Of about 250 schools now in the database, 19 don't cover the cost of counseling after a sexual assault or rape, including such well-known universities as University of California-Berkeley and Cornell University in Ithaca, N.Y.
Only 30 offer victims amnesty from punishment for offenses surrounding the assault, such as violating school policy against underage drinking. The fear of being punished for such offenses is considered a major deterrent to bringing a report.
A victim's sexual history and attire are allowable points of discussion in 108 schools in the database, including such highly ranked institutions as Williams College in Massachusetts; UNC-Chapel Hill; and Johns Hopkins University in Baltimore.
The database is produced by a partnership between Students Active for Ending Rape, or SAFER, based in New York City, and V-Day, the global anti-violence franchise that on Feb. 14 announced its largest campaign to date entitled One Billion Rising, which invites one billion women and their loved ones -- representative of the one billion female survivors of sexual violence worldwide -- to gather and dance in their communities on V-Day's 15th anniversary, February 14, 2013.
The database is housed on SAFER's website, and SAFER staff members vet each submission for accuracy. V-Day provides financial assistance and organizational support.
SAFER's data-gathering project provides a way to screen schools for a survivor-friendly campus culture. By showing stronger and weaker policies, it also provides a tool for student activists.
Critical Resource
Survivor-friendly campus policies are considered a critical resource for victims, since a local justice system can lose jurisdiction when students graduate or for other reasons move away from campus. District attorneys can shy away from cases involving alcohol and drugs and a shortage of strong physical evidence.
Organizers intend that the database will eventually be integrated into college ranking systems to catch the eye of school administrators, parents and prospective students.
By providing an at-a-glance look at better and worse campus policies it's also meant to serve as a tool for activism.
Ninety-five percent of college rapes are not reported, according to a 2000 study by the Bureau of Justice Statistics. A major explanation for that, according to a 2009 investigation by the Center for Public Integrity, were institutional obstacles, including administrators and trustees who fear a strong rape-response policy will spur bad publicity.
Dan Wald, a SAFER board member, says that ignorance and a paucity of sexual-health education also accounts for historically poor treatment of rape survivors on campuses.
"Why would they [administrators] have any better education than many of us do?" he asked in a phone interview with Women's eNews.
Wald said he became involved with the organization following his own project to revise his college's policy. After a series of rapes on his campus at Ithaca University, Wald managed to work with campus safety groups to establish a system that allows victims the option of submitting a written document or audio or videotape recording instead of appearing at disciplinary proceedings, sparing a victim from appearing before his or her alleged attacker. Victims may also request the school provide an advocate to give legal and moral support through the proceedings.
Wald said those changes took about a year and a half to institute, requiring the approval of various school offices and boards, underscoring the serious commitments required to achieve such reforms.
Aiming for 400 Schools
Organizers plan to produce a report on the database once it amasses policies for 400 schools.

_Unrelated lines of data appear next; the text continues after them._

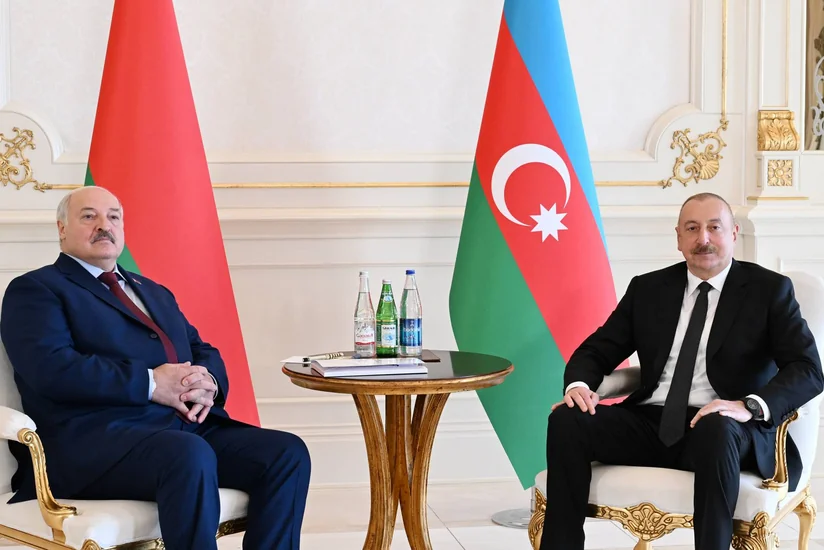 Aleksandr Lukaşenko Prezident İlham Əliyevə təbrik məktubu göndərib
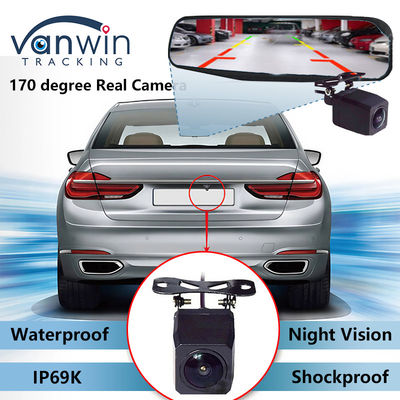 170 grados IP69K Cámara de visión trasera de automóvil Full HD Vista nocturna CCD Cámara trasera de automóvil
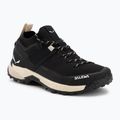 Moteriški žygio batai Salewa Puez 2 Knit Powertex black/black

The project accepts rolling submissions but also works in bursts. In December, for instance, organizers launched their second push for students to review and submit policies during winter breaks, in between the pressures of semester deadlines.
Volunteers are asked to submit the entire text of their schools' policies and answer a probing 54-question survey. Do survivors have the option of reporting confidentially or anonymously? May a student's sexual history or clothing be discussed during disciplinary proceedings?
In 2009, SAFER published a preliminary report, based on 93 collected policies, which identified 11 basic components of a strong, survivor-friendly policy. These included amnesty for victims who may have been violating other school prohibitions during an assault or rape.
Another element: student input into the formation of a campus rape-response policy.
SAFER's database can assist students by showing the array of school policies and the questions that advocates can keep in mind as they push for reforms.
Last spring, Vice President Joe Biden released an open letter to universities explaining how federal law should be implemented in order to comply with Title IX, which prohibits schools that receive federal funding from discriminating on the basis of sex. While Title IX has long been used to maintain equality in school sports, advocates are now actively broadening its application to the realm of sexual aggression.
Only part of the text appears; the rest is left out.